Stefano Massini presenta a Forlì il suo libro su Aldo Moro
FORLI'. Dalle platee televisive del giovedì sera a Forlì: Stefano Massini, scrittore, drammaturgo e saggista che a Piazzapulita racconta il lavoro, il potere, in una parola: l’Italia, arriva a Forlì, all’Auditorium di Intesa Sanpaolo, oggi alle 17, ospite degli Incontri con l’autore della Fondazione Cassa dei Risparmi. Massini propone le sue storie “laterali” attraverso il libro 55 giorni. L’Italia senza Moro.
Un titolo che significa molte cose, e che nel 2018 ha fornito lo spunto a Luca Zingaretti per ricordare in modo diverso l’anniversario della morte di Moro su Rai 1.
«È vero… l’esperienza dei racconti a Piazzapulita mi ha confermato che per presentare la realtà non occorrono i massimi sistemi, ma narrazioni semplici, o metafore. Così, illustro un passaggio decisivo per il nostro Paese come il rapimento e l’assassinio di Aldo Moro, attraverso i contesti: il campionato di calcio, le canzoni, le pubblicità… un modo efficace e anche divertente, in senso alto, per fare il punto su una realtà fondamentale… dal buco della serratura».
Infatti la vicenda è presente, ma più come una traccia in filigrana.
«I temi importanti alla fine sono dettati da passioni, interessi… gusti, addirittura, comuni ai grandi e ai piccoli sistemi. Se ascolti la musica leggera, che parrebbe banale rispetto alla storia, vedi che ne condivide la visione della realtà: le storie piccole portano le orme di quella grande».

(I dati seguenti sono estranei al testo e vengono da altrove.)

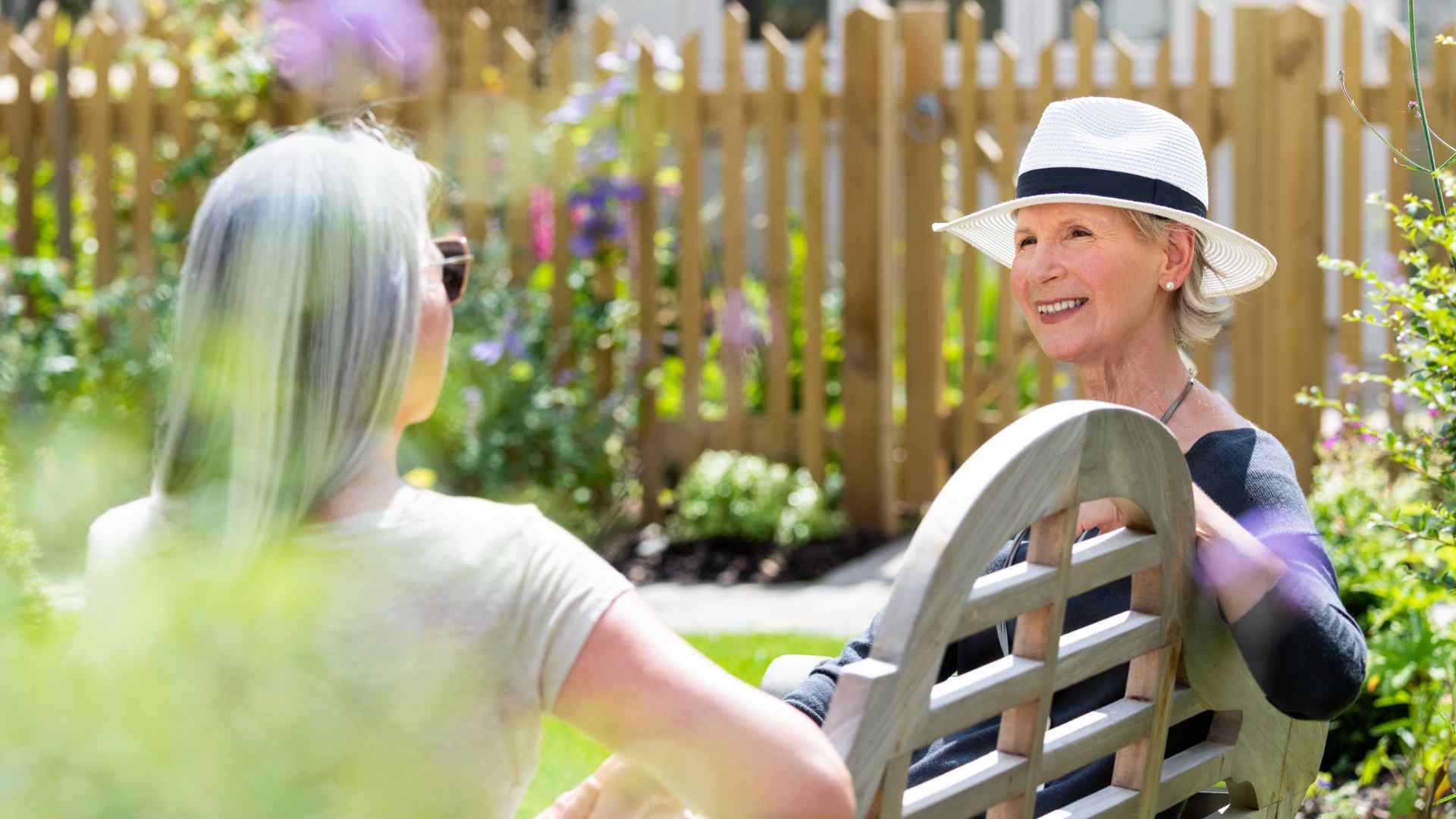 Two women speaking on a bench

Nel libro sono tante le tracce che raccontano lo spirito dell’Italia dell’epoca.
«Alcune sono anche provocazioni o stimoli alla riflessione: un “basso” che ti costringe a farti domande sull’“alto”. Per esempio, oggi a Piero Angela non verrebbe in mente di dedicare una serata alla parapsicologia, ma nell’Italia del rapimento Moro successe: il tema era estremamente sentito, e la Dc dci trovò una buona scusa per spiegare come fosse emerso il nome di via Gradoli, quindi Prodi raccontò di una seduta spiritica fra docenti universitari, mentre si era trattato dell’indicazione dei gruppi bolognesi».
Parliamo di un’Italia recente, ma che pare lontana anni luce.

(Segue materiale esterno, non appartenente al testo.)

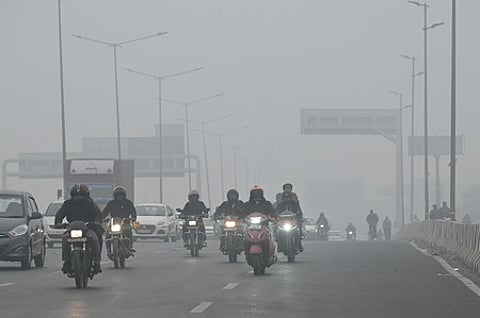 Image of Vehicles plying Delhi road.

«Perché in pochissimo tempo è cambiato radicalmente il modo di vivere e interpretare la realtà: penso al web, alla comunicazione parcellizzata e individuale… cambiamenti che però non sono stati recepiti in modo così profondo e diffuso da permetterci di adeguarci. Ed è anche questo un obiettivo del libro: che attraverso le tracce delle canzoni, delle trasmissioni televisive, si riesca a decodificare un’epoca che, è vero, sembra lontanissima. Noi oggi viviamo nel mito dell’antipolitica, del rigetto preventivo ad essa, mentre allora vivere la politica in modo radicale poteva finire per insanguinare le strade. Oggi invece le bombe si mettono… sui social!».
Ma sarebbe cambiato qualcosa se nel 1978 ci fosse stato Facebook?
«Grazie a essi, si riesce a cogliere quasi in tempo reale dove va la pancia del Paese, cosa sentono e pensano le persone che si affacciano a quella finestra. Negli anni Settanta no, e così il libro è anche un espediente per capire attraverso prospettive diverse cosa la gente pensava e come quei fatti cambiarono le vite».
In “55 giorni” emerge stima per gli «uomini di idee» come Moro, Peppino Impastato, Franco Basaglia… ma è l’Italia a non uscirne granché bene.
«Non voglio tracimare dal mio ruolo di scrittore, che si limita a raccontare. Certo, quando di parla di quella Dc e della sua linea della fermezza, e poi si pensa al sequestro di Ciro Cirillo, beh, quei due pesi e due misure, qualche perplessità la fanno venire…».